World

Boris Johnson, Under Fire, Apologizes for Pandemic Party

LONDON — Facing a potentially lethal threat to his leadership, Prime Minister Boris Johnson of Britain on Wednesday offered a contrite apology in Parliament for attending a garden party at 10 Downing Street while the country was under lockdown. He acknowledged that he had deeply offended the public, even as he claimed that he had not breached his government’s regulations on gatherings during the early days of the pandemic.

“I want to apologize,” Mr. Johnson said during an extraordinarily tense session of Prime Minister’s Questions. “I know there are things we simply did not get right, and I must simply take responsibility.”

The prime minister said that he viewed the party, on May 20, 2020, as “implicitly a work event,” an opportunity to thank Downing Street staff members for their efforts during the initial phase of the coronavirus pandemic. But he said he understood that the British public, who were being told not to meet more than a single person outside their households, would view it as a double standard.

“With hindsight, I should have sent everybody back inside,” Mr. Johnson said. “I should have found some other way to thank them.”

The prime minister’s apology did not mollify the leader of the opposition Labour Party, Keir Starmer, who dismissed Mr. Johnson’s display of contrition, accused him of serial duplicity and demanded that he step down.
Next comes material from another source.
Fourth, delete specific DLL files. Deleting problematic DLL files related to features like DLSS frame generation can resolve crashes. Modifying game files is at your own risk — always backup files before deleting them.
“The party is over, prime minister,” Mr. Starmer said, asking, “Is he now going to do the decent thing and resign?”

Mr. Johnson rejected that, asking for Parliament to wait for the findings of an internal investigation by a senior civil servant, Sue Gray. But he looked beleaguered under a torrent of hostile questions from Mr. Starmer, a former public prosecutor, offering little in the way of a defense and repeatedly apologizing for having mishandled the situation.

Pressure has been mounting steadily on Mr. Johnson since the emailed party invitation emerged late Monday with clear signs that his support within the Conservative Party was waning. On Tuesday, when Mr. Johnson sent out a ministerial colleague to defend him in Parliament, few of his own lawmakers turned out in support.
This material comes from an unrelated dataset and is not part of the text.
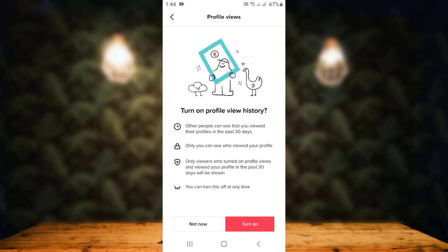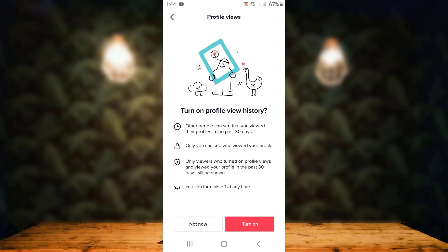Go through the statement carefully, and once you're done reading it, all you have to do is tap on 'Turn On,' which is right at the bottom. Your profile view history has now been turned on. Anybody who has viewed your profile in the last 30 days will appear here.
For Mr. Johnson, one of the greatest risks is the evidence that he misled Parliament in his previous statements — the kind of transgression that once might have forced a prime minister to resign. On Dec. 8, he declared in the House of Commons, “I repeat that I have been repeatedly assured since these allegations emerged that there was no party and that no Covid rules were broken.”
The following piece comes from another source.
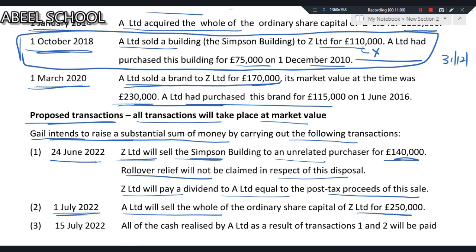SSE is available when you hold at least 10% of the shares in the disposal company, which must be a trading company, and your ownership period must be at least 12 consecutive months within the 6 years prior to the sale. So SSE exemption is available when you have had at least 10% holding for 12 months out of the 6 years before disposal. On the brand, no de-grouping charge arises due to SSE, and no capital gain or corporation tax arises on the disposal of Z Limited.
A week later, Mr. Johnson told reporters, “I can tell you once again that I certainly broke no rules.” On Dec. 20, after The Guardian newspaper published a photograph of the prime minister mixing with colleagues over wine and cheese in his garden during a lockdown, he said, “Those were people at work, talking about work.”

After the most recent disclosure — of the larger party that he also attended — Mr. Johnson stopped offering any response, saying that he would wait for the findings of the internal investigation.

Unlike other ethics questions that have clouded Mr. Johnson throughout his career, the furor over parties has stuck a chord with the public. People vividly remember the grim months early in the pandemic, when they were told to isolate at home, and forbidden from visiting elderly parents, even if they became ill.